A restaurant specializing in grilled cheese sandwiches sounds like a childhood dream, but unlike visions of traveling by jetpack or having a pet unicorn, this one has come true. Across the country, fromage-focused restaurateurs are creating gourmet grilled cheese eateries – but they’re not just for kids.
The menu at GCDC (Grilled Cheese D.C.), which opened last spring just a few blocks from the White House, showcases specialty sandwiches far more elevated than what Mom made on sick days. Half a dozen lunchtime options include the District Cemita (queso fresco, young manchego, chorizo), the Kim-Cheese-Steak (cheddar, kimchi, Korean-style roast beef), and the Buffalo Blue (cheddar, blue cheese, chicken, and hot sauce). Fancier fare at a higher price point dominates dinner selections: there’s gouda and lobster, a Taleggio-laden Mushroom Melt, and short rib gussied up with Gruyère and blue cheese.
Though D.C. is home to several specialty cheese shops and a highly informed dining clientele, many customers still have questions when deciding what to order.

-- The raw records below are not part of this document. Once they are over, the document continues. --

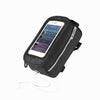 MTB Bicycle Top Tube Phone Bag for 6" Screen Size Bike Front Frame Bag with Headphone Hole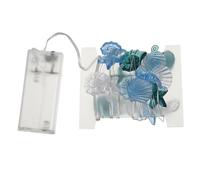 BESPORTBLE Guirlande Lumineuse Océan 2 Mètres 20 LED Hippocampes Conques et Coquillages Décoration Nautique pour Chambre et Fête d'Été Guirlandes Lumineuses Décoratives de Plage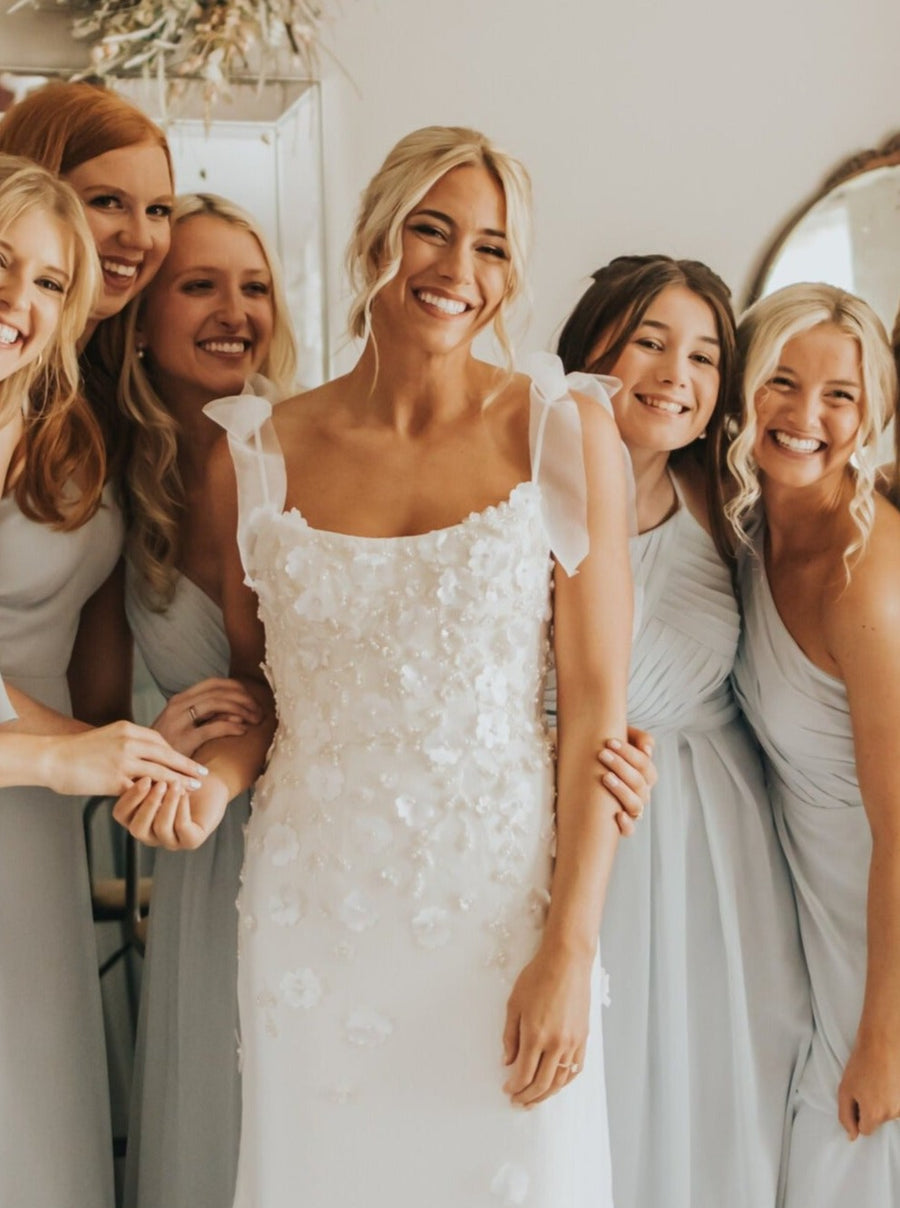 Ivory Beaded Lace Melrose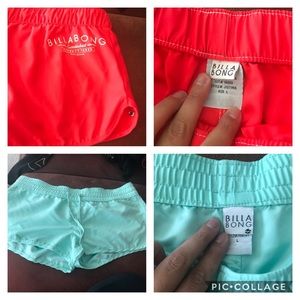 2 pair billabong large Running Shorts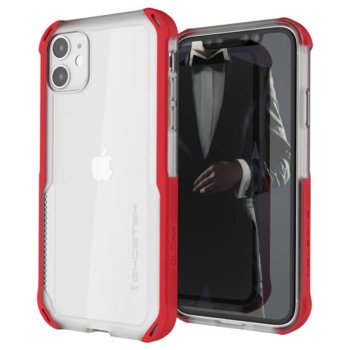 Ghostek Cloak 4 iPh 11 transparent-red GHOCAS2246
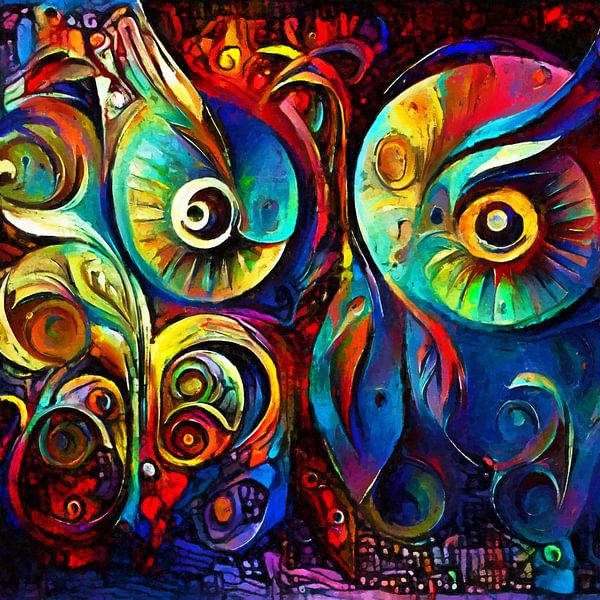 Abstracte nachtwachter van Arjen Roos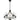 Cornelia 5 Light Chandelier in Matte Black 6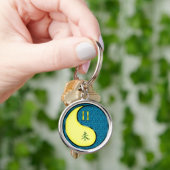 Tweelingen en watergeit sleutelhanger (Hand)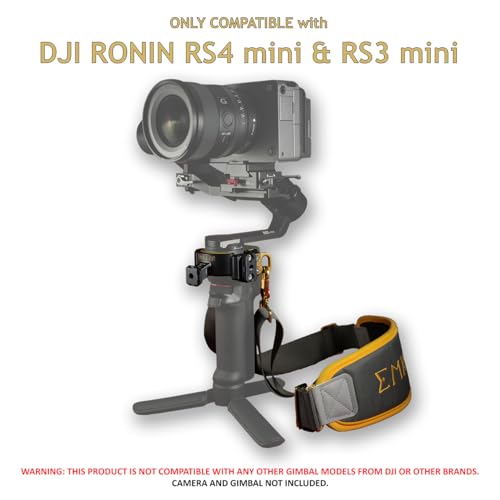 NATONEX NS3m NATO Connectivity Multiplier Accessory for DJI Ronin RS4 mini & RS3 mini Video Stabilizer Gimbals (Gold on Graphite) GOLD on GRAPHITE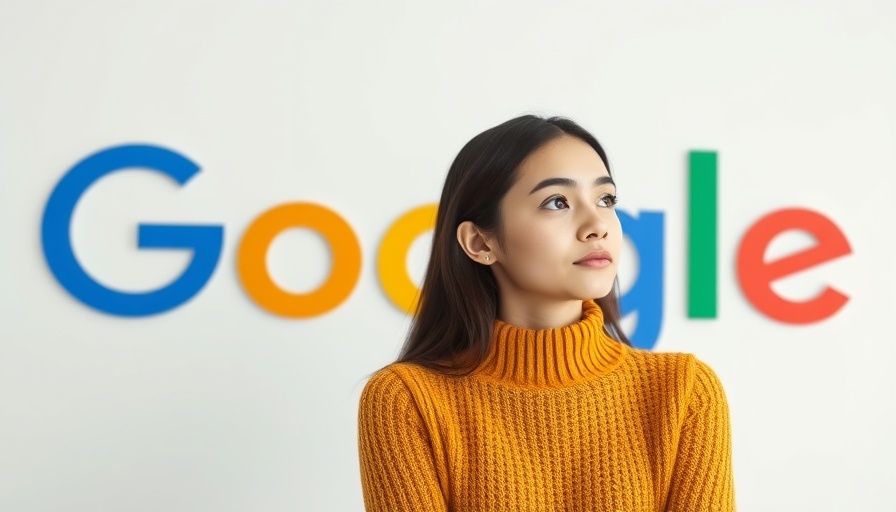 Young woman pondering in front of Google logo, Buying Links In SEO.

“Surprisingly, we do a fair amount of education,” says founder Bruce Klores. “Everyone is familiar with cheddar, but a lot of people don’t know Gruyère or manchego.”

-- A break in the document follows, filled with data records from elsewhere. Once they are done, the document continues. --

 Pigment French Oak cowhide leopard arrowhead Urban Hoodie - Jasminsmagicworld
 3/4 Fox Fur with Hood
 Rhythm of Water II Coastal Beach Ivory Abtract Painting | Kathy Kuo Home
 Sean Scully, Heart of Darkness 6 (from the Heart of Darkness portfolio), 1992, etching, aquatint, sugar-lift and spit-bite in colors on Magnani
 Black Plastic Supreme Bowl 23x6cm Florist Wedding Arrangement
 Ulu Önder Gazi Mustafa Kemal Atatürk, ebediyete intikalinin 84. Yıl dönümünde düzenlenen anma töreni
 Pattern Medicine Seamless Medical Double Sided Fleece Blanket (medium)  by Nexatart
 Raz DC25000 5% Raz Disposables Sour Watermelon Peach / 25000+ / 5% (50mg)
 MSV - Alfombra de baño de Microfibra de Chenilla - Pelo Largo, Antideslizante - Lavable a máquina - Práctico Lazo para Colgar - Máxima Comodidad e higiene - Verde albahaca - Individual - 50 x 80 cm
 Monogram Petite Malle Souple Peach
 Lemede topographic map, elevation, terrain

Specialty cheese is also the name of the game at Heywood Grilled Cheese in the Silver Lake neighborhood of Los Angeles. English Double Gloucester infused with chives takes center stage in the Game Changer, while French Comté complements the maple bacon and prosciutto in the Peking Pig.
“A lot of people have never been to a restaurant like ours,” says general manager Chris Tenerowicz, “so they’ve only ever had American cheese on white bread.” Currently, the eatery has demurred from offering the ubiquitous orange slices, but it may be added to their late-night menu in the future.

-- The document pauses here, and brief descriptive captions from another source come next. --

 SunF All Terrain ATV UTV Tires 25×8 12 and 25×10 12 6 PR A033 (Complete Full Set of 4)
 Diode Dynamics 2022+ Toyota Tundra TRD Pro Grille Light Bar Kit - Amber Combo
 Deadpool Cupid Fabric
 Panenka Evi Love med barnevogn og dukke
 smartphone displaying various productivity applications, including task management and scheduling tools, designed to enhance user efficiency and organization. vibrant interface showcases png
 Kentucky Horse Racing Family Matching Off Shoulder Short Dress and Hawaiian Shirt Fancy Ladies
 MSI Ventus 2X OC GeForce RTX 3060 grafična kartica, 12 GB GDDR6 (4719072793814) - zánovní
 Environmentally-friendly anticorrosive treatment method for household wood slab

For every restaurant focused on the new and different, there’s another focused on the familiar. The latter is the case at Roxy’s Grilled Cheese, which began as a food truck in 2011, and has since expanded to include a brick-and-mortar location in the Boston neighborhood of Allston last spring. The restaurant’s menu includes half a dozen sandwiches that use recognizable cheeses, such as Vermont cheddar, Swiss, and fontina. You can try their Mighty Rib Melt with this recipe.
“We keep it really simple,” says founder James DiSabatino. “Our food reminds people of their childhood and is meant to be really accessible.”
The straightforward formula has been a success for the restaurant, which goes through more than a thousand pounds of cheese during a busy week. And, with any luck, more cheesy variety is in Roxy’s future: “I’m interested in bringing people out of the cheese comfort zone at our restaurant,” says DiSabatino, whose dream offering would be a Tomme de Savoie–topped patty melt. “Hopefully, even what we have now will push people to try more exotic cheeses after they eat with us.”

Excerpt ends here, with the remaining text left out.